We All Struggle With Forward Motion

To be salt and light in the world//

to bring life to the dead in heart//

and see things change//

to be less so you can be more//

This is our POSITION Lord.

That many would serve You and know Your glory through the way we live. That we live consumed.

This is our DESIRE G-d.

To follow Your call and move mountains. To move when You tell us and stand when You command.

This is our RESPONSE Jesus.

To draw close to You when our emotions and circumstances are trashed. To seek You BEFORE we don’t see another way.

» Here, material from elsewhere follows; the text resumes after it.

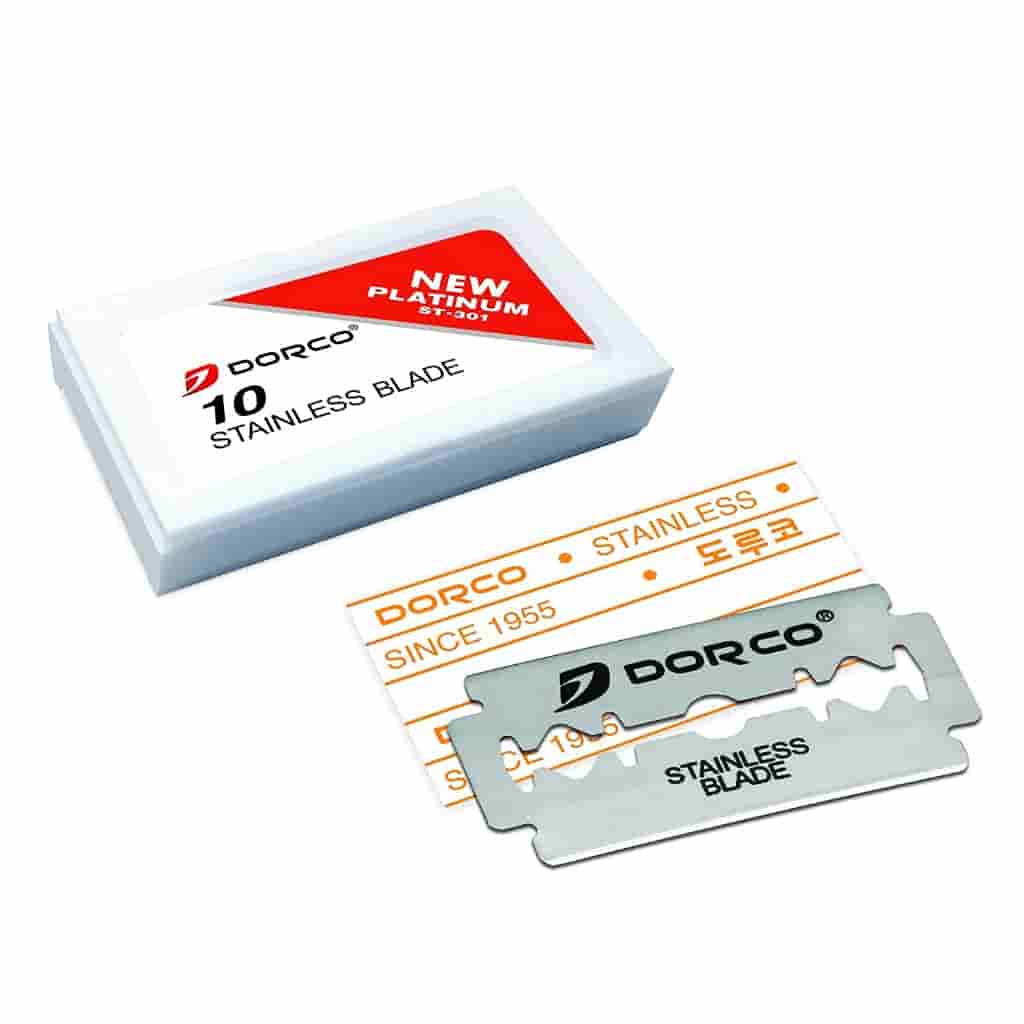 Dorco Double Edge Razor Blades – Red | 100 Pack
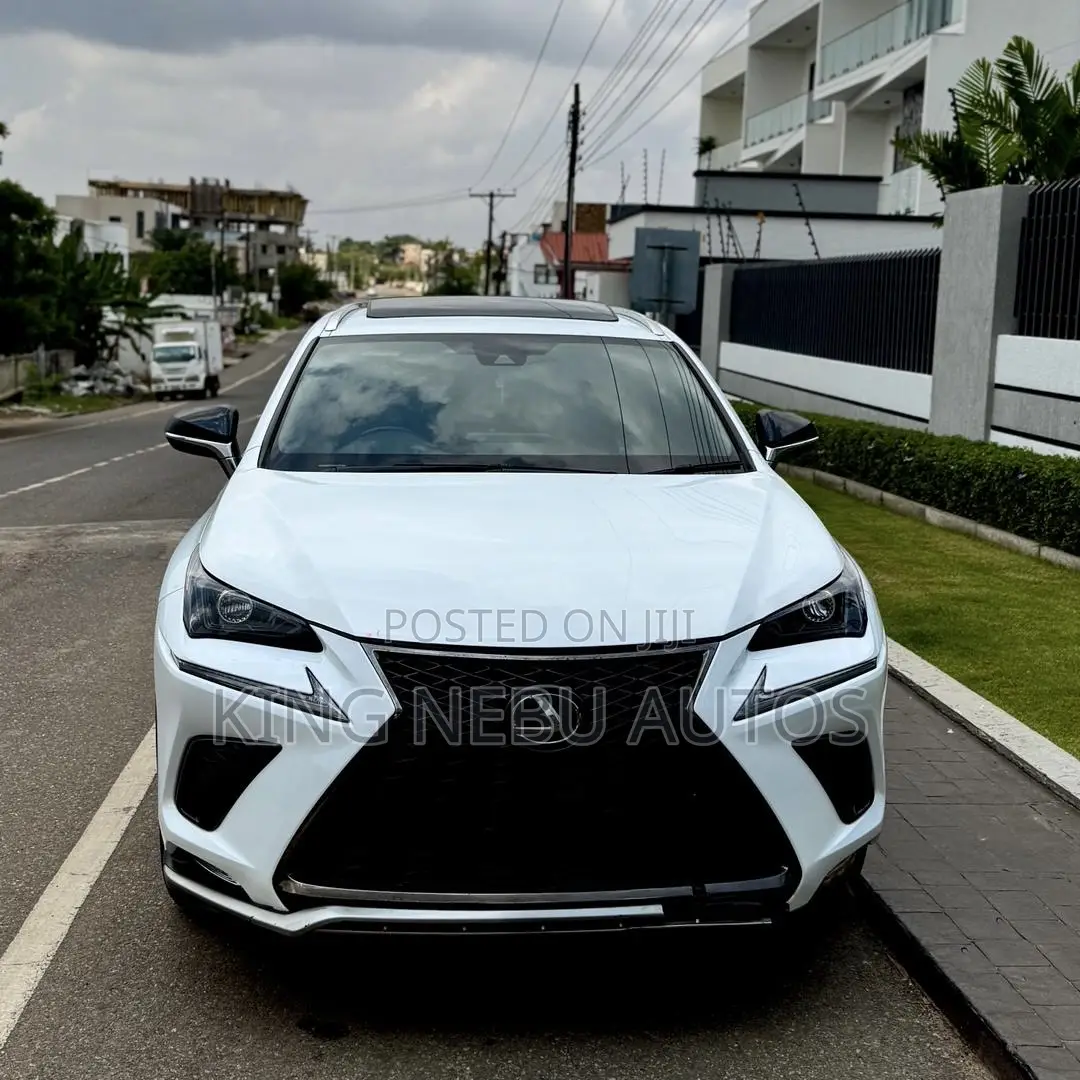 Lexus NX 350 AWD 2021 White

This is our MOVEMENT Father.

To be broken beyond the point of repair so that something new HAS to happen for us to continue.

This is our CHANGE.

I charge you to be different, to CHANGE. To not let another day pass that you see things as hopeless. But, to grow up, go on and be responsible for the MOVEMENT that is taking place. That your actions might be pure and what has been stirring inside of you would move from being your opinion to your action. That what you feel inside would move from being your thoughts to your RESPONSE. Let your passions arise and don’t be afraid of your DESIRE. Fellow warrior, what is a pain on your heart for your classmates, co-workers, family, and friends has been placed by the living G-d. He NEEDS you to rise and take your stand on who you are (who are you?). Let your POSITION on the outside reflect that which has been placed on your heart. G-d is ready and waiting. Lets get there friends. Go on.

“Therefore let us leave the elementary teaching about Christ and GO ON to maturity, not laying AGAIN the foundation of repentance from acts that lead to death, and of faith in G-d,”

– Hebrews 6:1

17 February 2010


26 March 2014

I love reading old writings because it’s almost a personal history book. I get to think back and remember the points in my life where I was passionate, where I was deeply hurt, the adventures I was blessed enough to go on and the people I was fortunate enough to meet. Recently I was talking with a flatmate about journaling and I remembered that I brought one of my journals along the way to Australia with me. I flipped through the beginning of it remembering Ireland in 2010, how close my friends got and how we truly got to see the Acts church lived out. We ate breakfast together and did devotionals around the table and we served together. I got to fast forward in my journal to the three week tour that I was blessed to be apart of: traveling with our worship team and drama team to Wisconsin and New York to do ministry. Again, I saw my friends get closer to form this family that (at the time) had no idea what was coming. I got to record Reggie’s words of wisdom when he told us this group would never be the same again, and it never has been.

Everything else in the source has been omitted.